IPsec tunnel with CATO appliance

26Jack26 · March 9, 2025, 7:18pm

Hello folks,

Anyone here has set a IPsec tunnel between a PA firewall and a CATO SDWAN appliance?

The tunnel came up right away, both phases, traffic is allowed in policy rules and I am seeing it in the monitor tab going to the CATO appliance, CATO shows traffic allowed as well, but for some reason, unable to actually reach to one site from another.

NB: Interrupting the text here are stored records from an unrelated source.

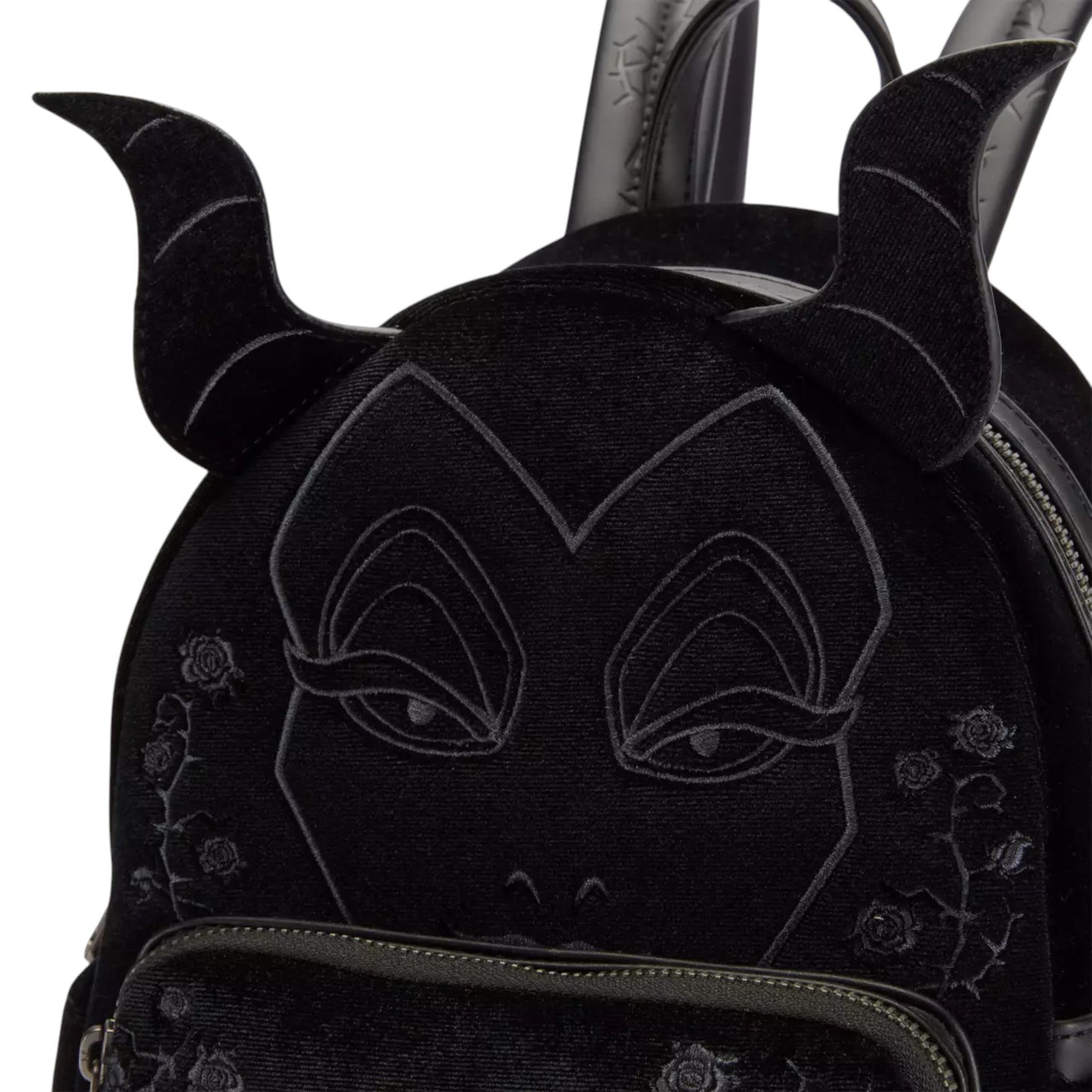 Black backpack with a Maleficent face design and decorative elements on a white background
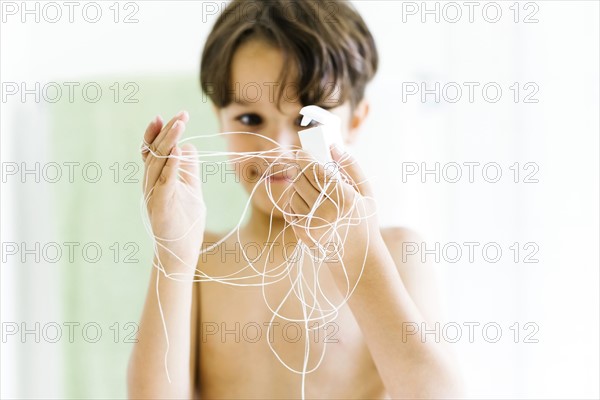 Boy (6-7) watching dental floss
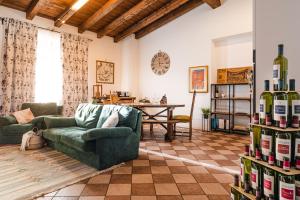 a living room with a couch and a table with wine bottles at Dimora Perla di Villa - Historical Wine Retreat near Bernina Express in Villa di Tirano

Palo does not see the traffic back and same thing for the CATO appliance, it does not see the traffic back, weird to say the least…

Any possible ideas here?

JuniperMS · March 9, 2025, 7:18pm

IKEv2? Proxy-id set?

Virtual-plex · March 9, 2025, 7:18pm

You need to troubleshoot and learn how to do it.

There are several good posts about troubleshooting a site to site VPN tunnel. Most of troubleshooting will involve the cli to get any good information as the GUI system logs are lacking, alot.

Churn · March 9, 2025, 7:18pm

Verify the network routes are in place on both devices and in the networks behind both.

26Jack26 · March 9, 2025, 7:18pm

Ikv2, yes.
We tried with and without proxy id’s, same thing, unable to reach the other side.